Access kerberos-protected WebHDFS without SPnego… here is a solution to the problem.

Access kerberos-protected WebHDFS without SPnego

I have a working application that manages HDFS using WebHDFS.
I need to be able to do this on a Kerberos security cluster.

The problem is, there is no library or extension to negotiate tickets for my app, I only have a basic HTTP client.

Is it possible to create a Java service to handle the ticket exchange and pass it to the application for HTTP requests once it gets a service ticket?
In other words, my application would ask for a Java service negotiation ticket, and it would return the service ticket as a string or raw string to my application, which would then append it to the HTTP request?

EDIT: Is there a similar elegant solution like the one @SamsonScharfrichter describes for HTTPfs? (As far as I know, it doesn’t support delegate tokens

.)

EDIT2: Hi everyone, I’m still completely lost. I tried to figure out the Hadoop-auth client without any luck. Can you help me again? I’ve spent hours reading it without luck.
The example says to do this:

* // establishing an initial connection
*
* URL url = new URL("http://foo:8080/bar");
* AuthenticatedURL.Token token = new AuthenticatedURL.Token();
* AuthenticatedURL aUrl = new AuthenticatedURL();
* HttpURLConnection conn = new AuthenticatedURL(url, token).openConnection();
* ....
* // use the 'conn' instance
* ....

I’m already lost here. What do I need for an initial connection?
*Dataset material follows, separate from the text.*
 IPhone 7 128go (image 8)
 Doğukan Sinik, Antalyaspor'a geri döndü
How can it be

new AuthenticatedURL(url, token).openConnection();

Take two parameters? There is no constructor in this case. (hence I get the error). Shouldn’t the principal be designated somewhere? It may not be that easy.
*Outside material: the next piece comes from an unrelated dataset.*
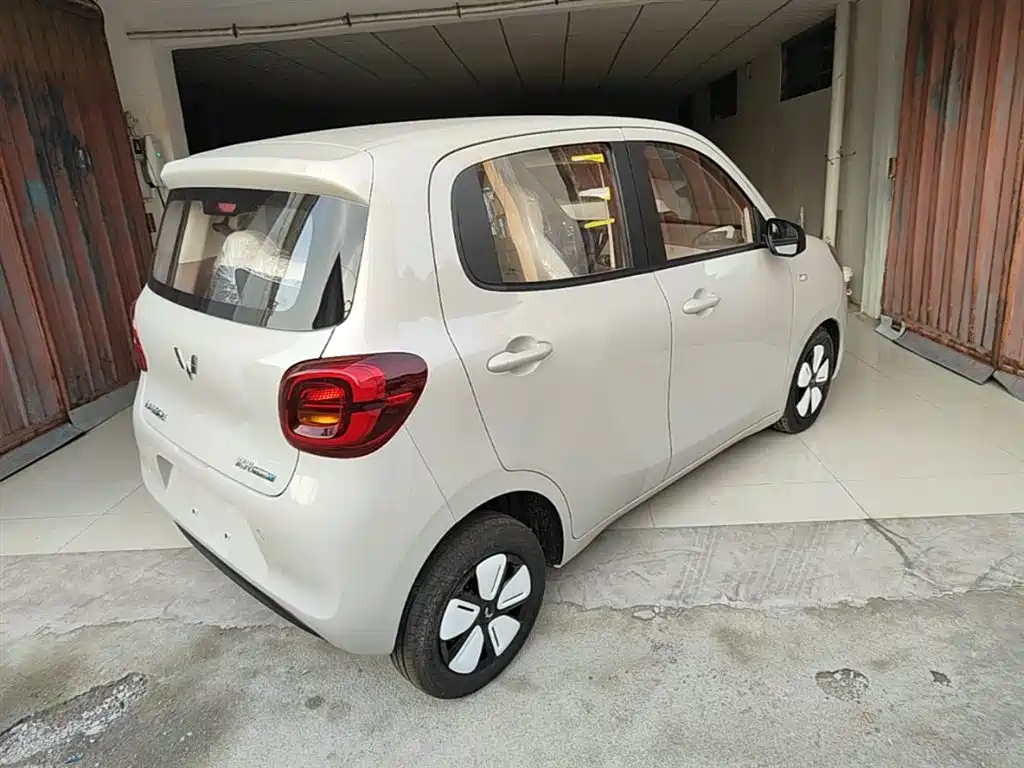 Wuling Motors Hongguang MINIEV 2026 2025 4-Door Advanced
    URL url = new URL("http://<host>:14000/webhdfs/v1/?op=liststatus");
    AuthenticatedURL.Token token = new AuthenticatedURL.Token();

HttpURLConnection conn = new AuthenticatedURL(url, token).openConnection(url, token);

Solution

Using Java code plus the Hadoop Java API to open a Kerberized session, get a delegate token for the session, and pass that token to other applications—as @tellisnz suggests—has one downside: Java APIs require quite a few dependencies (i.e. a lot of JAR, plus Hadoop native libraries). If you run your app on Windows, it’s a tough journey.

Another option is to use Java code plus WebHDFS to run a single SPNEGOed query and get a delegate token and pass it to another application — this option absolutely does not require a Hadoop library on your server. The barebones version will be like sthg

URL urlGetToken = new URL("http://<host>:<port>/webhdfs/v1/?op=GETDELEGATIONTOKEN") ;
HttpURLConnection cnxGetToken =(HttpURLConnection) urlGetToken.openConnection() ;
BufferedReader httpMessage = new BufferedReader( new InputStreamReader(cnxGetToken.getInputStream()), 1024) ;
Pattern regexHasToken =Pattern.compile("urlString[\": ]+(.[ ^\" ]+)") ;
String httpMessageLine ;
while ( (httpMessageLine =httpMessage.readLine()) != null)
{ Matcher regexToken =regexHasToken.matcher(httpMessageLine) ;
  if (regexToken.find())
  { System.out.println("Use that template: http://<Host>:<Port>/webhdfs/v1%AbsPath%?delegation=" +regexToken.group(1) +"&op=...") ; }
}
httpMessage.close() ;

This is how I use to access HDFS from Windows Powershell scripts (and even Excel macros). Warning: For Windows, you must create a Kerberos TGT dynamically by passing a JAAS configuration to the JVM that points to the appropriate key table file. Either way, this warning also applies to Java APIs.